Let $(\Omega,\mathcal{A},\mathbb{P})$ a probability space. Let $(X_t)_{t \in [0,T]}$, $(Y_t)_{t \in [0,T]}$ (real-valued) centered Gaussian processes such that the finite dimensional distributions coincide, i.e.
$$\mathbb{E}X_t = \mathbb{E}Y_t = 0 \qquad \qquad C(s,t) := \mathbb{E}(X_s \cdot X_t) = \mathbb{E}(Y_s \cdot Y_t)$$
Moreover, assume that the trajectories $t \mapsto X(t,\omega)$, $t \mapsto Y(t,\omega)$ are in $L^2([0,T])$ for all $w \in \Omega$.
Does the equality
$$\mathbb{P}(\|X-\varphi\|_{L^2}<\delta) = \mathbb{P}(\|Y-\varphi\|_{L^2}<\delta) := \mathbb{P} \left\{\omega; \left(\int_0^T |Y(t,\omega)-\varphi(t)|^2 \, dt \right)^{\frac{1}{2}} < \delta \right\}$$ hold for $\varphi \in L^2([0,T]), \delta>0$? Equivalently: Do the distributions of the mappings
$$\Omega \ni \omega \mapsto X(\cdot,\omega) \in L^2([0,T]) \qquad \Omega \ni \omega \mapsto Y(\cdot,\omega) \in L^2([0,T]) \tag{1}$$
on $L^2([0,T])$, endowed with the Borel-$\sigma$-algebra generated by the $L^2$-norm, coincide?
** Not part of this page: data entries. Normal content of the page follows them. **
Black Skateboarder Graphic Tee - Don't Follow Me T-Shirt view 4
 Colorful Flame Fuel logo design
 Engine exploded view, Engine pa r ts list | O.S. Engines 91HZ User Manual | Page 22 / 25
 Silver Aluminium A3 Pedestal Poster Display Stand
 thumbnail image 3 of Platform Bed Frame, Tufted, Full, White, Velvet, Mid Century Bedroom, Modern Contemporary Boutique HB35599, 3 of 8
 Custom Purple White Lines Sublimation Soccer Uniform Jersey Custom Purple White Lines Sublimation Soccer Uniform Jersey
Using the definition of the finite dimensional distributions (and Kolmogorov's extension theorem), it's not difficult to see that the distributions of the mappings in $(1)$ coincide with respect to the product-$\sigma$-algebra on $L^2([0,T])$.
Right from the intuition, I would say, that the open balls $B(\varphi,\delta)$ are not contained in the product-$\sigma$-algebra, because I need the information about the whole path to decide whether it is an element of this ball - consequently, this approach does not work out.
I would appreciate any hints & suggestions. Thanks!